Güncelleme Tarihi:
Baykal, CHP Bozüyük İlçe Başkanlığı’nı ziyaretinde şunları söyledi:
ESKİ CHP’Yİ İSTİYORUZ
"Bir ölçüde kızgın, öfkeli, hesap sorucu, bir ölçüde partisine sahip çıkıcı, partisini yere göğe koymayan, ne olursa olsun arkasında duran, bir kısmı izlenen politikaları beğenmeyen ama birbirini anlayan, birbirini seven, birbirine muhtaç olduğunu bilen ve o beraberliği ayakta tutan coşkulu, günü geldiği zaman kapıp bayrağını ortaya çıkan o büyük eski CHP'yi görmek istiyoruz.
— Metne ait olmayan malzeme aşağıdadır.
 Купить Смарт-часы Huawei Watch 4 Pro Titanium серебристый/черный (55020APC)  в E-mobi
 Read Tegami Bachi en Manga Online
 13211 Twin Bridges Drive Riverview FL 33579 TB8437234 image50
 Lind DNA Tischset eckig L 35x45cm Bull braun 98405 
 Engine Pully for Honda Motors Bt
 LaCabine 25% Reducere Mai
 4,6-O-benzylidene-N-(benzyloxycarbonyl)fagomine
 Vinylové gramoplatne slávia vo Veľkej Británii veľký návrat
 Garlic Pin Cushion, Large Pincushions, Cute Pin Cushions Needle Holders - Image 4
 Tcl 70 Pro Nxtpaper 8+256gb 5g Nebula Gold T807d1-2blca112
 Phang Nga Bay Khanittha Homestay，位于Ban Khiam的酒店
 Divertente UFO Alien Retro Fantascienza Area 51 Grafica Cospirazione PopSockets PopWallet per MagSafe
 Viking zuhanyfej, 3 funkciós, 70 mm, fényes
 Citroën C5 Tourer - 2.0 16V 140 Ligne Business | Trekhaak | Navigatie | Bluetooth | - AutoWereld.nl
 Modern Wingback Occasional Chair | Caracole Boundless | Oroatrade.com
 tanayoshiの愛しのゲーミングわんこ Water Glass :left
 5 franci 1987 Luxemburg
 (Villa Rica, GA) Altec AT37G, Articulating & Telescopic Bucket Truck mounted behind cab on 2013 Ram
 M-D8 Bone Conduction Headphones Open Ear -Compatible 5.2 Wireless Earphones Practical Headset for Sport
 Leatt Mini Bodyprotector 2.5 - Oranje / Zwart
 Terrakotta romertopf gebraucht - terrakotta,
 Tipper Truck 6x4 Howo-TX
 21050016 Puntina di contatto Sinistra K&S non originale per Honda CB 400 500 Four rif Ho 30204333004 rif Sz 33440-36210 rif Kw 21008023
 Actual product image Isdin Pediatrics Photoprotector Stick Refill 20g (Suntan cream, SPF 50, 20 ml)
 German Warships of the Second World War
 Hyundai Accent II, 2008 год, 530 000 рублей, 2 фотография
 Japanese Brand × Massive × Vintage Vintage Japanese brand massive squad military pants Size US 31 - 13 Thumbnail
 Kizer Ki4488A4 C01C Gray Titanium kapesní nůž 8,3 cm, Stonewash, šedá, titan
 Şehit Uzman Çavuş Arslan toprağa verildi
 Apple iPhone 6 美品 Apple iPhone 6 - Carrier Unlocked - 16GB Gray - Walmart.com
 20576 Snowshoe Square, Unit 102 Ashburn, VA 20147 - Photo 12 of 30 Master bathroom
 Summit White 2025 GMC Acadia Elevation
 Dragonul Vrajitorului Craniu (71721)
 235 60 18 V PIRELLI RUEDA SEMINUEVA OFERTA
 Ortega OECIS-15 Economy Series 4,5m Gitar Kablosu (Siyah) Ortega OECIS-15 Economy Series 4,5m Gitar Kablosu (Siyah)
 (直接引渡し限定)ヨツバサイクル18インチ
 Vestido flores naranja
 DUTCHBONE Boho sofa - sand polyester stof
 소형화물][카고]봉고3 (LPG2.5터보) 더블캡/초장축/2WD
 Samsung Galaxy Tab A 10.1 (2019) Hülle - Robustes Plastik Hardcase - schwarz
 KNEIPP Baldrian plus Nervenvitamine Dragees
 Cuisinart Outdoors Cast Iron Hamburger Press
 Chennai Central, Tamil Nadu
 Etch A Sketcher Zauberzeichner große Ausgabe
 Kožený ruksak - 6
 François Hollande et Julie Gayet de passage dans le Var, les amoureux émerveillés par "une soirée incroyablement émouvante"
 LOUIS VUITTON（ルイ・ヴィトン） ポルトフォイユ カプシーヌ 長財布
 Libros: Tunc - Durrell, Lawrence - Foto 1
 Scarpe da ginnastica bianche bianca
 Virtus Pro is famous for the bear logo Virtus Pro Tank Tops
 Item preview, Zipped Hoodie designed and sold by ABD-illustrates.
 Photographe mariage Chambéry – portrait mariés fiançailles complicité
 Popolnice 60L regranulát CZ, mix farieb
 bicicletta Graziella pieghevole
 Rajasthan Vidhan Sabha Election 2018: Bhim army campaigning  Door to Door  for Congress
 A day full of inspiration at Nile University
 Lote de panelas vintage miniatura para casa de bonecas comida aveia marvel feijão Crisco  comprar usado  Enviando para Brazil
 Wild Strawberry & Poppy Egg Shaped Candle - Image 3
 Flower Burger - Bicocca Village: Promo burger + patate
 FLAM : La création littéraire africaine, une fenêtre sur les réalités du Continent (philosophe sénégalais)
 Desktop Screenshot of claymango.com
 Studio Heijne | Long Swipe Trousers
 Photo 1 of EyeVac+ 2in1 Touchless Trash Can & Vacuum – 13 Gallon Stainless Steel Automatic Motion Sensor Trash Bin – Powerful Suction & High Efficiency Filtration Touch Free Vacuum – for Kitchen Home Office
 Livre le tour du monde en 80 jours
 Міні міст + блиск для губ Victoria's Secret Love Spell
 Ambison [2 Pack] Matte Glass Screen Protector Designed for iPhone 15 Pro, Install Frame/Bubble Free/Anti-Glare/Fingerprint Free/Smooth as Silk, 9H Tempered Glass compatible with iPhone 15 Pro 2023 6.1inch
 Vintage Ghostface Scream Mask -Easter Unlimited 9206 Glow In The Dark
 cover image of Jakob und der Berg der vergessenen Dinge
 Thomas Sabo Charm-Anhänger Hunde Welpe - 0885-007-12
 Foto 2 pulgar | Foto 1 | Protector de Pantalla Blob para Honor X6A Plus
SORUN YANLIŞIN KARŞISINDA SESSİZ KALINMASI
Şu anda bizim her zamandan çok tartışmaya ihtiyacımız var. Herkes yanlış yapar. Sorun olan yanlışın yapılması değil. Yapılan yanlış karşısında sessiz kalınması, teslim olunması. Yanlışı tartışmanın yanlış olacağının zannedilmesi en büyük tehlikedir. CHP yanlışını tartışabilen bir parti olacak, olmak zorunda. Yanlışı konuşmayı yasaklarsanız, yanlışın konuşulmayacağı bir dünyayı yaratmayı kalkarsanız, en büyük kötülüğü yaparsınız.
TARTIŞMA YARAR GETİRİR
(1973 seçimleri öncesinden örnekler vererek) Bu parti ortasından çatladı. Büyük istifalar oldu. Parti öldü, bitti derken seçime girdik. Kısa süre içerisinde birinci parti çıktık. 1989'da gene parti kendi içinde çok ciddi tartışmalar yaşadı, seçimlere girdik ve birinci parti olarak çıktık. Tartışma partimize yarar. Küfür değil, hakaret değil, baskı değil, susturma korkutma değil, tutup atma değil; sorumlu, bilinçli tartışma CHP’ye yarar getirir, geçmişte de getirmiştir. Şu an o tartışma tam yapılmıyor. Niye? Tartışırsak partiye zarar mı veririz duygusu içindeyiz. Arkadaşlar ‘Ben adayım’ dediklerinde, ‘Vay sen niye adaysın’ deniliyor. Bırakın tartışılsın ne sakıncası var. Aday olacaklar aday olsun. Niye aday olduklarını anlatsınlar. O arada yaptığımız yanlışlıkları görürüz.
İZMİR'DE 8 TANE YER GİTTİ
Yerel seçimleri yaptık. Yanlışlık var mıydı yok muydu? Elimizdeki en güzel yerleri bu yanlışlıklarla kaybettik. İçinden biliyorum, derinden biliyorum. Çünkü Antalyalıyım. Kaybettik. İzmir’de 8 tane yer gitti. O yerlerde MHP, AKP belediye kazanmaya başladı. Burada yanlışlarımız yok mu, var. Cumhurbaşkanlığı seçimlerinde yanlışımız yok mu? Bunları konuşmayacak mıyız? Konuşmasak iyilik mi yapmış olacağız? Bu yanlışlıkları dile getirip bir arkadaşımız 'Buna son vereceğim' dese hakkı değil mi? Demokrasinin gereği değil mi?
PARTİNİN SORUNLARI VAR
Partinin sorunları, sıkıntıları var onları konuşmak istemiyorum. Sizler içindesiniz, biliyorsunuz. Bunları düzeltecek bir arayışı başlatın. Bu neyle olur, tartışmayla olur. Kendi aranızda siyaset konuşun, tartışın. Birbirinizi kırıp dökmeden, doğrusunu bulun.”